Irish Journalist Apologizes After Accusations of Anti-Semitism and Misogyny

Irish journalist Kevin Myers speaks about his controversial column on RTE Radio 1 Tuesday. Credit: Screenshot.

(Israel Hayom/Exclusive to An Irish journalist accused of sexism and anti-Semitism apologized Tuesday for a column that got him fired, saying, “I am the author of my own misfortunes.”

Kevin Myers was fired by The Sunday Times of London over a column titled, “Sorry, ladies—equal pay has to be earned.” The piece sparked widespread accusations of anti-Semitism and misogyny.

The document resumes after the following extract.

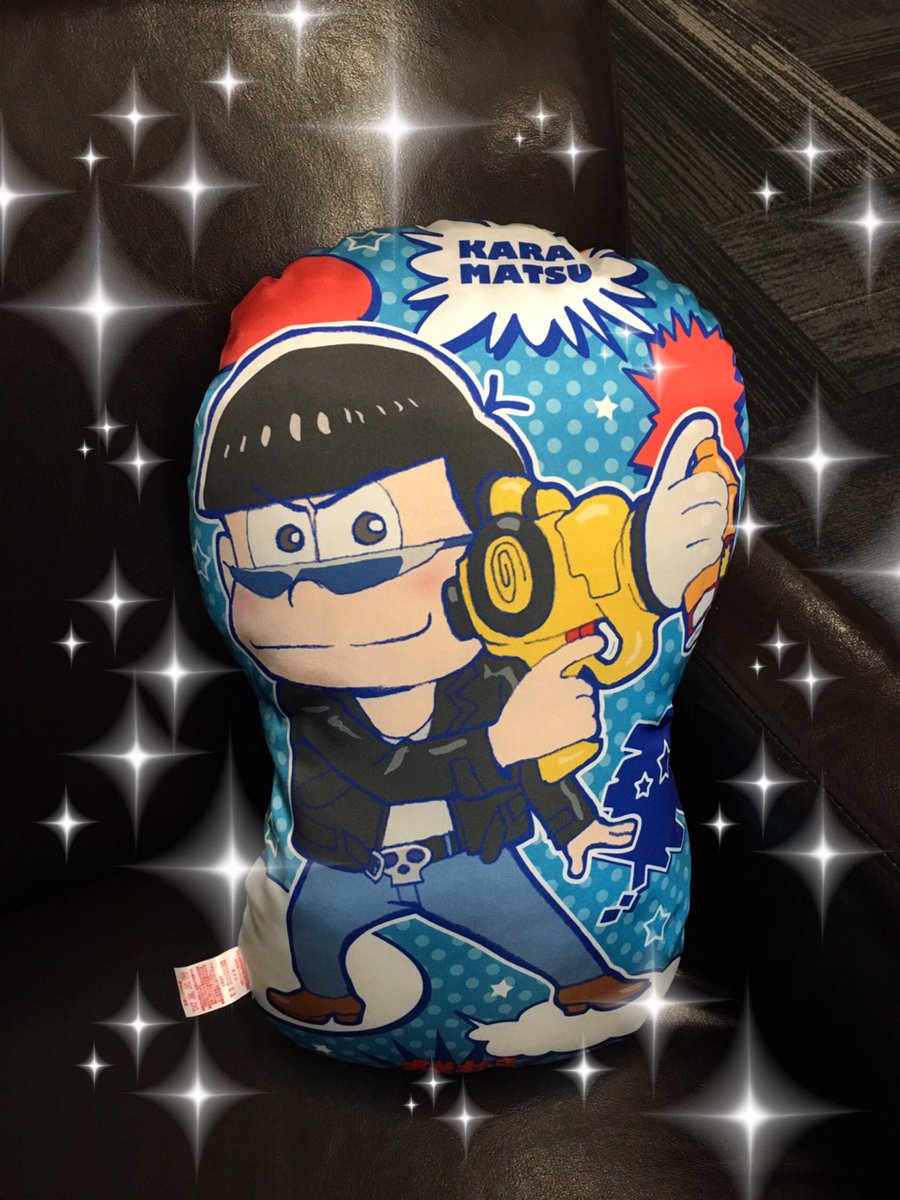 Crunchyroll's tweet photo. ✨FLASH CONTEST✨ WHO DOESNT NEED A KARAMATSU PILLOW? TRICK QUESTION: NO ONE. RT &amp; Follow to WIN 🕶 https://t.co/q2JfjYcB1z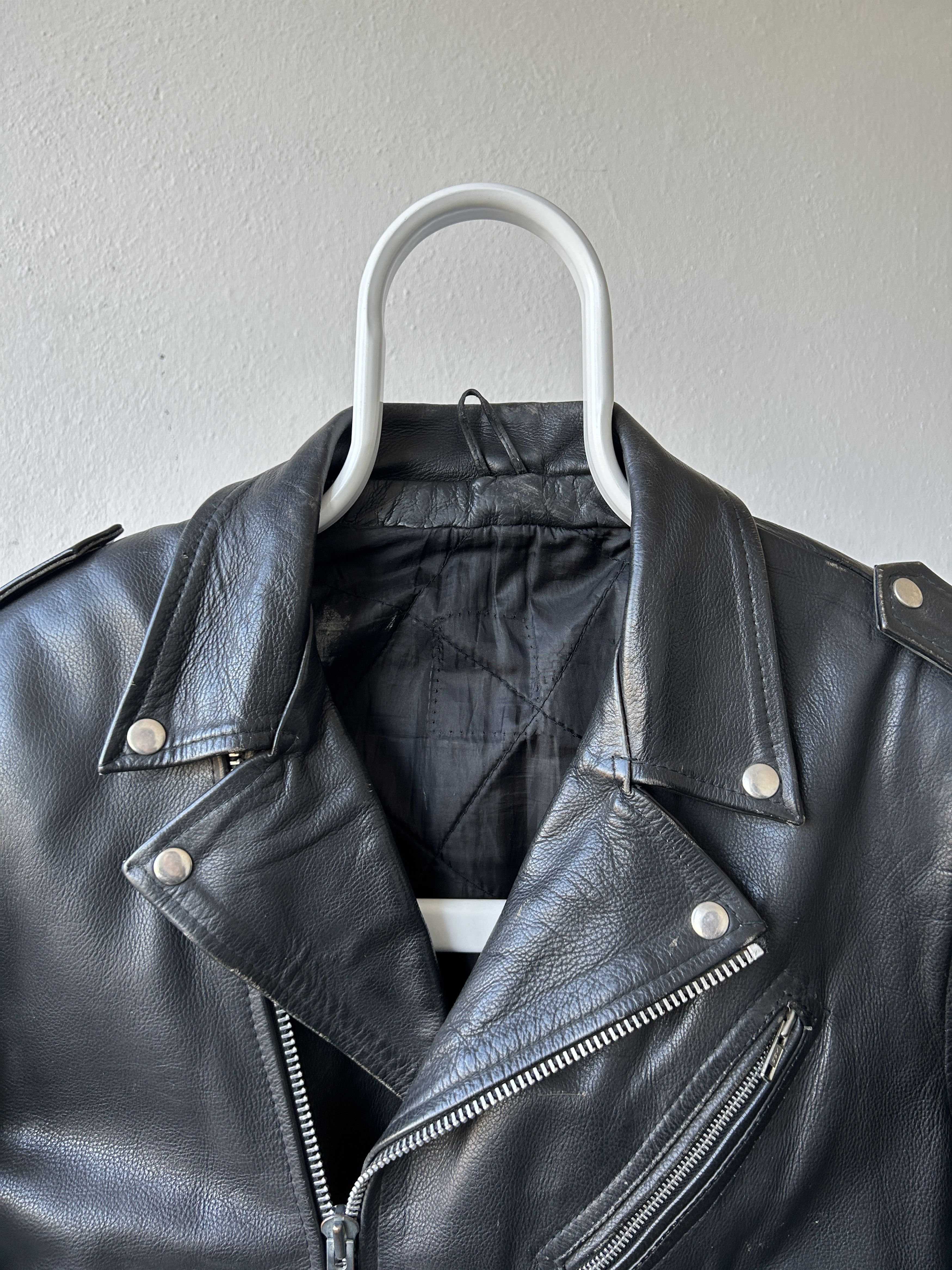 Vintage Vintage ramones biker leather jacket Size US M / EU 48-50 / 2 - 3 Thumbnail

Commenting on a campaign by female BBC workers for equal pay, Myers wrote, “I note that two of the best-paid women presenters in the BBC—Claudia Winkelman and Vanessa Feltz, with whose, no doubt, sterling work I am tragically unacquainted—are Jewish. Good for them. Jews are not generally noted for their insistence on selling their talent for the lowest possible price.”

The article was widely condemned on social media, prompting Sunday Times editor Martin Ivens to issue an apology.

Frank Fitzgibbon, the editor of the newspaper’s Irish-language edition, said he takes “full responsibility for this error of judgment. This newspaper abhors anti-Semitism and did not intend to cause offense to Jewish people.”

Speaking with RTE Radio 1 in Dublin Tuesday, Myers apologized for the column.

“I am the author of that article, I am the author of my own misfortunes, I am the master of my soul. I must answer for what I have done,” he said, adding he is “a great admirer of the Jewish people….They are the most gifted people who have ever existed on this planet.”